In the Houston suburb where we lived, our subdivision was just a few years old. The streets were a maze of cookie-cutter houses and square box back yards. Nearly every house had the same anemic-looking pine tree planted in the front yard; some ambitious homeowners would add a palm or two.
There were only two entrances into our neighborhood, both from 45-mile/hour roads. The schools were close, but all three campuses (elementary, jr, and high) were pulled back from the road into their own kind of compound, and were not accessible by a sidewalk.

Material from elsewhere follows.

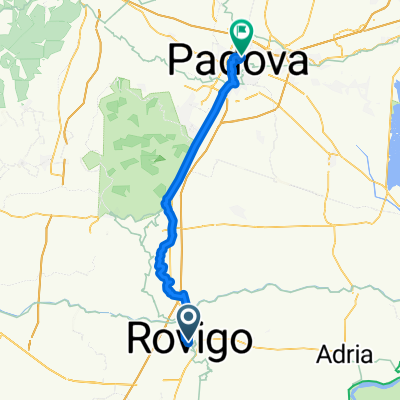 Piazza Vittorio Emanuele nach Piazzale della Stazione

Our two choices for getting to the school on foot involved crossing through an unofficial path along a neighbor’s property, then through a massive ditch (called a bayou there), or else you could take your chances along the shoulder of the 45-mile an hour road.
We had a small strip mall adjacent to our neighborhood, outfitted with the strange combination of a church, a Montessori preschool, nail salon, and fast food Chinese restaurant (with drive thru).
Our neighborhood also had two small parks, usually frequented by teenagers, and a small pool, often overflowing with little kids and inattentive parents in the summer.
Here in the Portland suburb where we’ve moved back to, our neighborhood was established in the mid-1970’s. The main streets wind and twist along, peppered with cul-de-sacs left and right. The trees are taller than the houses and are of several different species – oak, pine (several kinds), maple, juniper, and more.
You can get in and out of our neighborhood on a few different roads, all capped at 25-miles/hour. Our property is just one back yard away from both the high school and elementary school, and there are at least two established, paved, marked paths for the neighborhood kids to take to school. But lucky us, our neighbors just let the kids walk through their side fence directly onto school property. It takes them about 3 minutes to get to class.
There are 18 acres of green space with private, meandering walking paths – meadowed and tree-lined – shared between the 225 houses here.
At the slightest whim, I can walk or drive a quick 1.3 miles to the nearest shopping center, which has a Dollar Tree, Jo-Ann Fabric, Payless Shoes, Target, Safeway, Red Robin, and more. And I always find good parking.
I’m amazed by the differences between these two neighborhoods where we’ve lived. Even the sounds are different. Gone is the traffic noise or the booming bass of a passing car. When I sit in my living room now, I’m more likely to hear all the songbirds in the mature trees, or the squirrels on my roof or rustling the leaves as they jump from tree to tree. I hear everything that happens at the schools – soccer on the weekends, recess on the weekdays, marching band on the weeknights. We even hear the predictable train horns as the nearby railroad runs through their schedule and the planes overhead coming to and from the small regional airport.
Our older, established neighborhood looks, feels, and sounds so different from the busy, bustling, sprawling neighborhood we just moved from. And I think the change is suiting me just fine.